“Every way of seeing is a way of being seen.”— John Berger, Ways of Seeing
To see is never merely to look. Seeing is how we perceive things, how we understand others, and how we respond to the world. It is always invisibly coded by experience, language, culture, and knowledge. In this sense, artistic creation becomes an act of intervention and reconfiguration: through images, colors, narratives, or structures, it re-translates the relationship between the world and ourselves.
Fusion Chronicle brings together the works of eight artists from Fish Art Center, each engaging in this process of translation in distinctly different ways.
Some begin with the scientific principles of light and color, reconstructing the logic of perception. Some project perception onto the other, narrating through another’s perspective. Others weave together new possibilities between nature and civilization, the everyday and the mythical — opening up reflection and deconstruction of seeing itself. Though varied in form, their works share a core conviction: art is not the replication of reality, but its transformation and intervention.

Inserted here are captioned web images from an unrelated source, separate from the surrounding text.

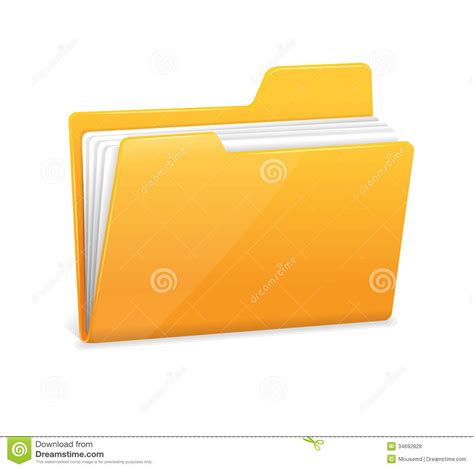 Yellow File Folder With Documents Royalty Free Stock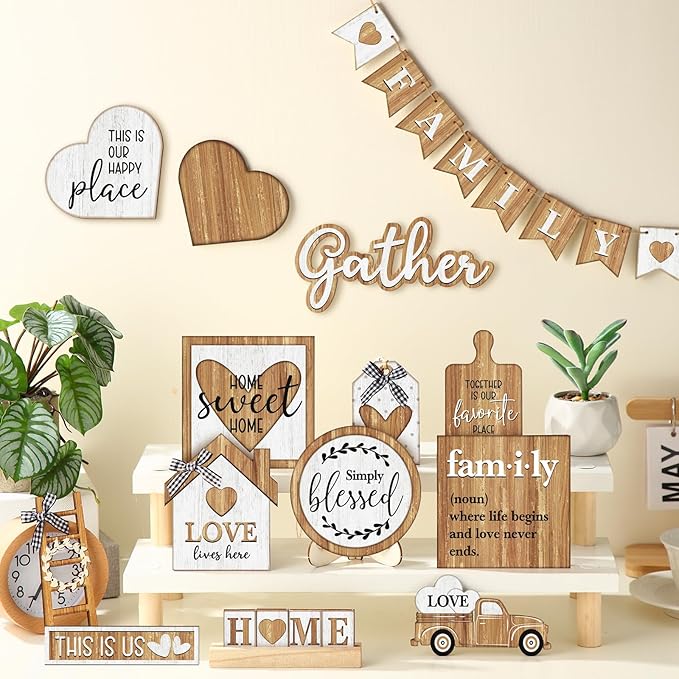 Yaomiao 21 Pcs Farmhouse Tiered Tray Decor Set Rustic Farmhouse Wood Sign Decor Items Vintage Rustic Family Gather Blessed Tiered Tray This Is Our Happy Place Sign for Home Kitchen Table Shelf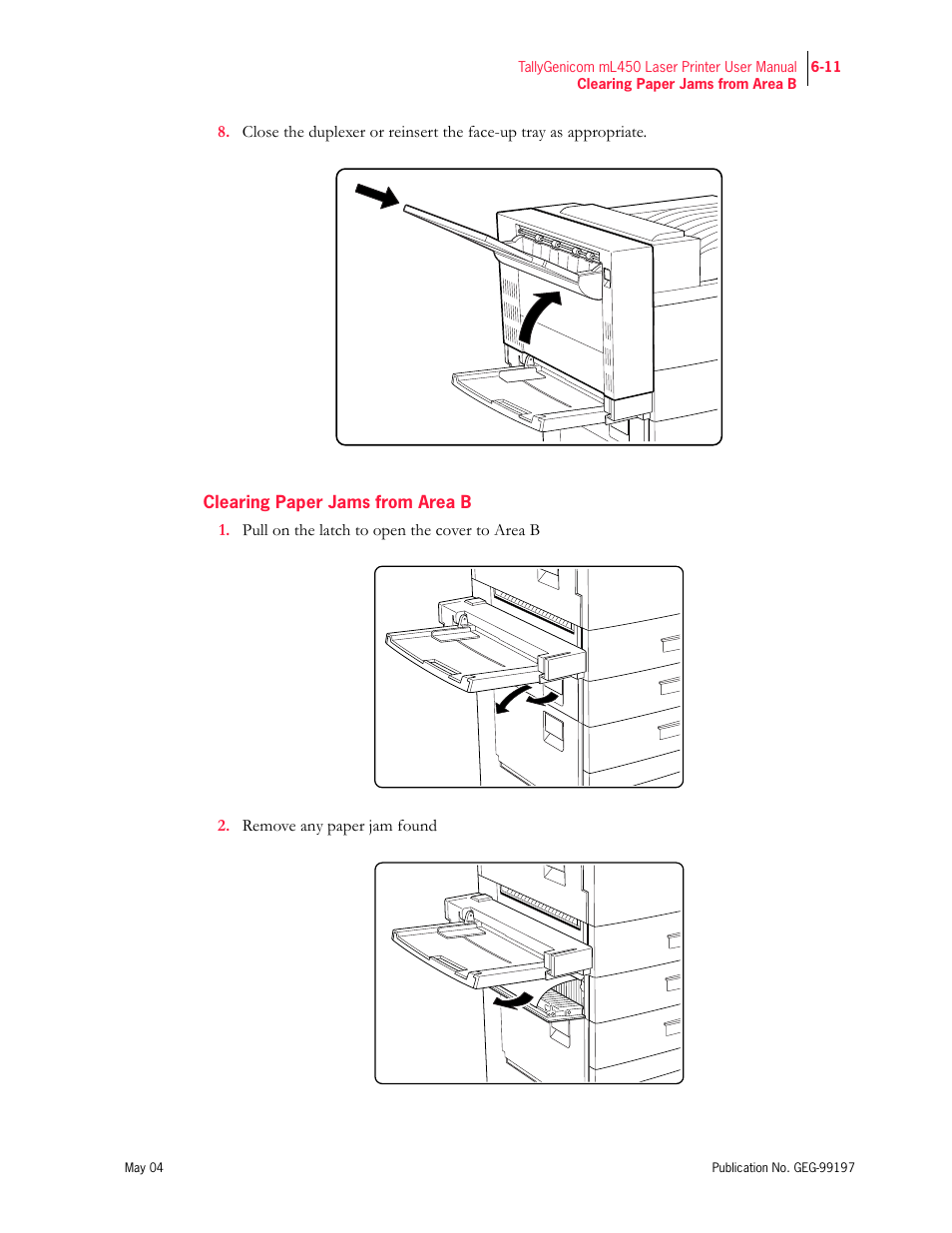 Clearing paper jams from area b | Tally Genicom mL450 User Manual | Page 153 / 232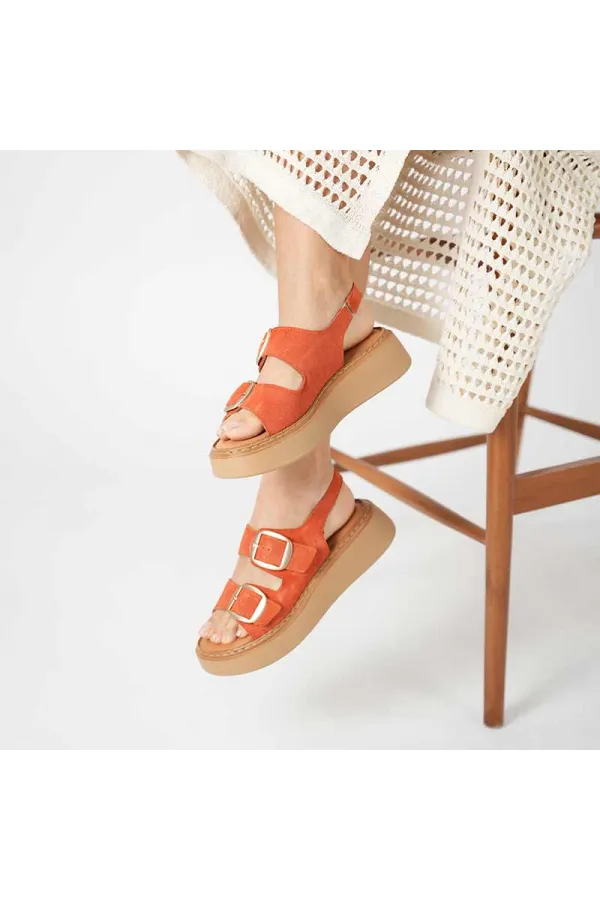 Amethyst Exclusive Stable Orange Suede Platform Women's Sandals | Buckle & Non-Slip Sole for Summer Elegance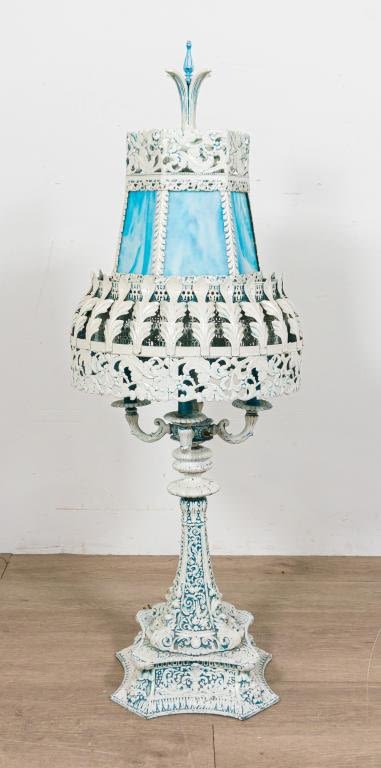 Lot 334: Hollywood Regency Table Lamp With Blue Glass
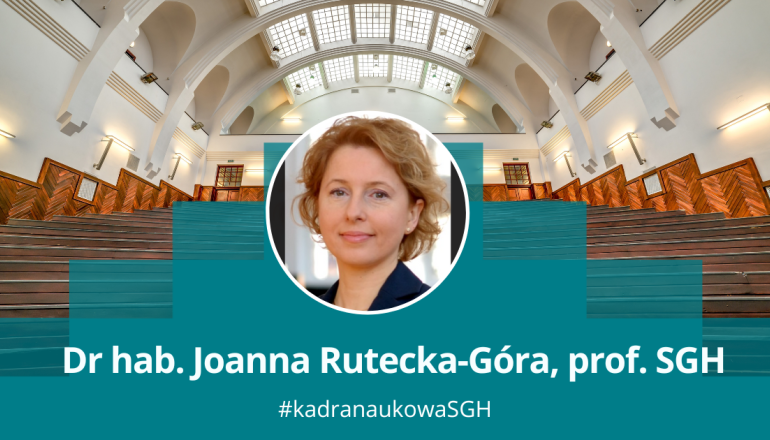 grafika przedstawiająca zdjęcie kobiety w okągłęj ramce na tle jednej z uczelnianych auli; podpis dr hab. Joanna Rutecka-Góra, prof. SGH, #kadranaukowaSGH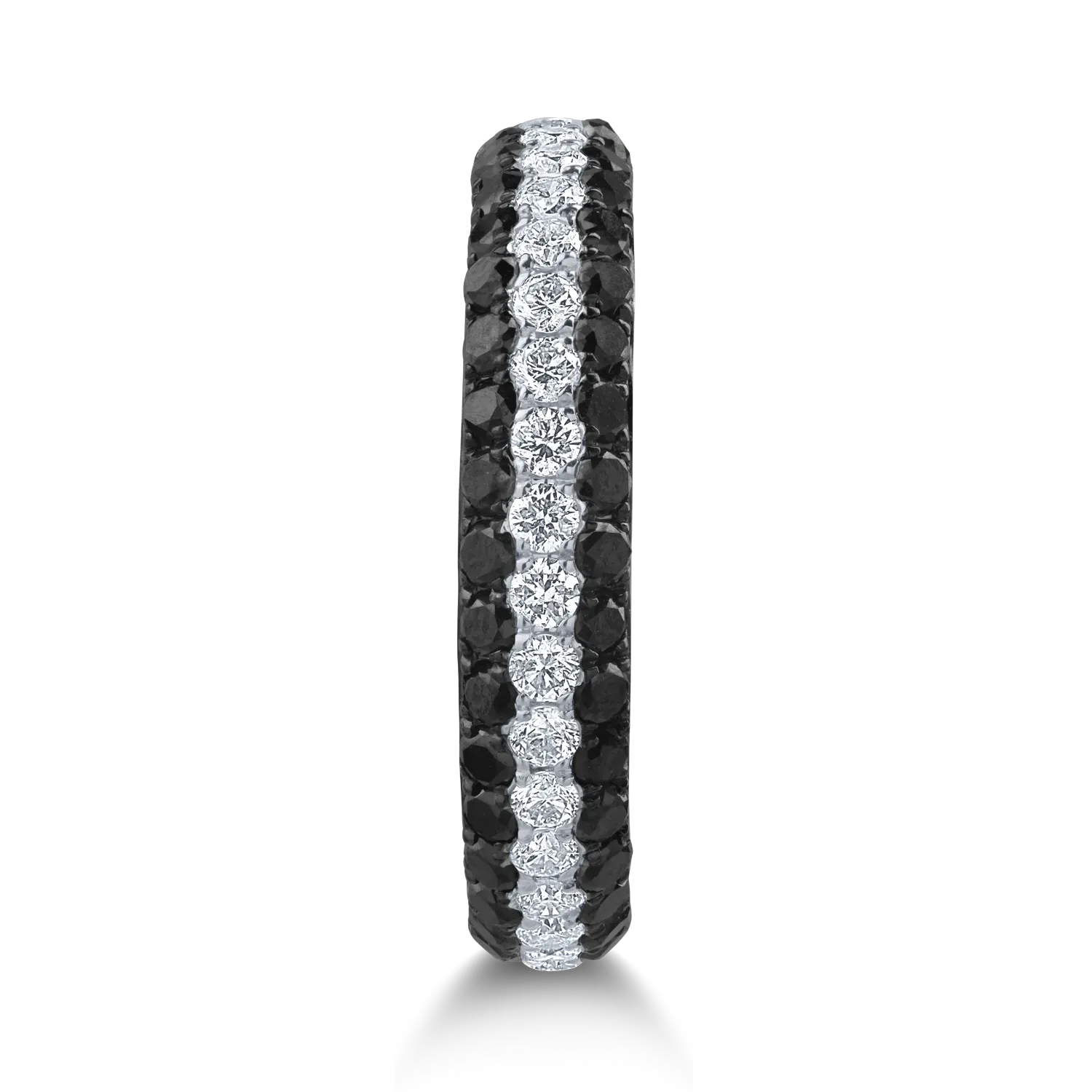 Inel semi eternity din aur alb cu diamante negre de 0.56ct si diamante transparente de 0.28ct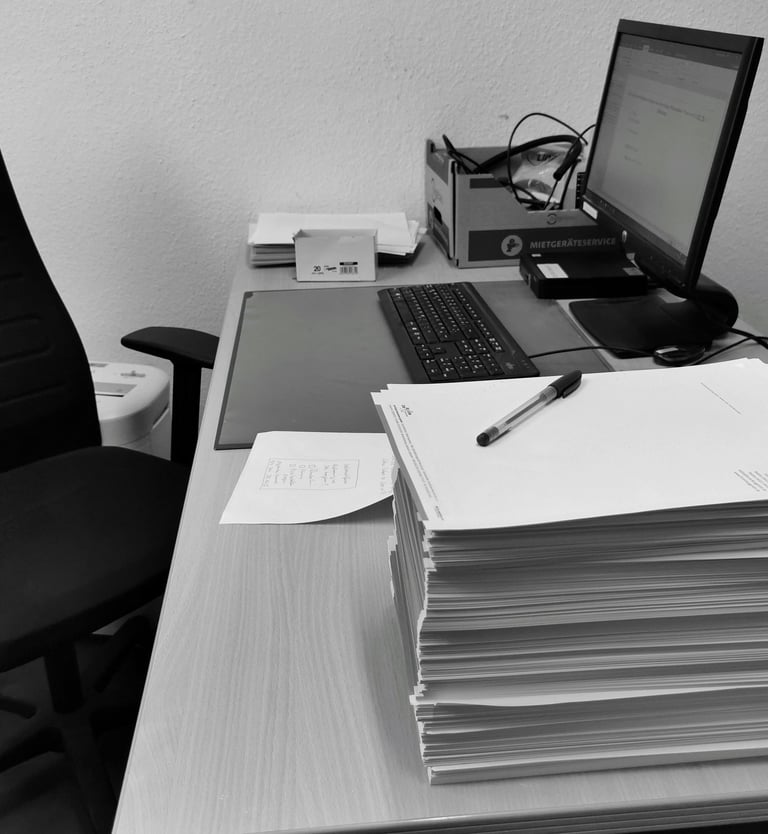 Black and white photo of a workspace with a computer, keyboard, and a large stack of paper documents.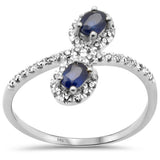 .61ct G SI 14K White Gold Diamond & Blue Sapphire Gemstones Ring Size 6.5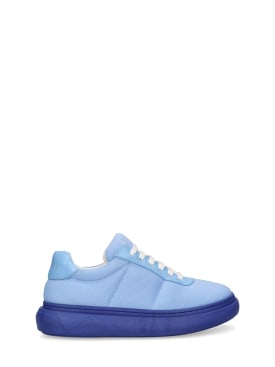 Marni Junior: Leather & cotton lace-up sneakers - Blue - kids-boys_0 | Luisa Via Roma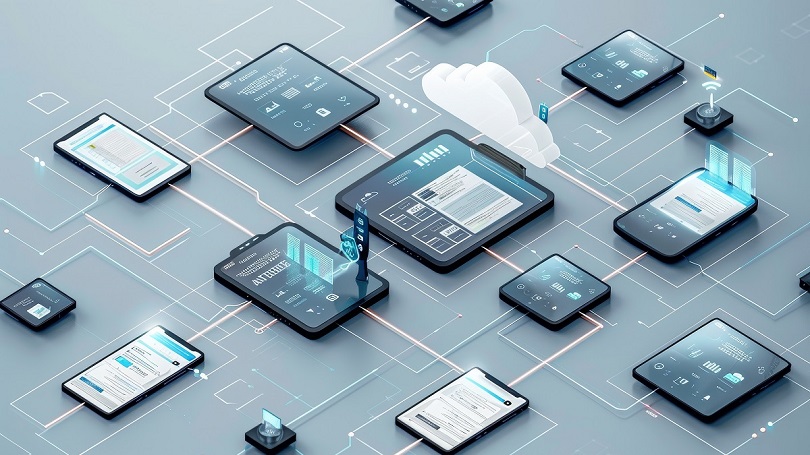 Konzeptionelle Darstellung von digitaler Transformation Konzeptionelle Darstellung von digitaler Transformation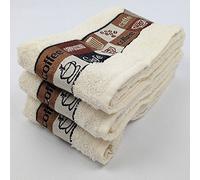 Riggs 3 PACK Luxury Kitchen Hand Tea Towel, Cafe Cafe Coffee Cups (Cream)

Artistic creation is no longer just an image that represents the world, but a translator — operating in its own language, guiding viewers into the flows of perception, thought, and experience from different vantage points. Characters and figures may serve as media, but more profoundly, it is the stance of seeing and the interpretive strategies each artist adopts that matter.
As John Berger reminds us, “seeing” is a cultural act — an act of reordering perception and power.
This exhibition invites viewers to set aside habitual ways of looking and step into these“translated worlds.” What you encounter may not be just the images themselves, but the very moment when perception is unsettled — a question posed by the artist: Do we truly see what we believe we see?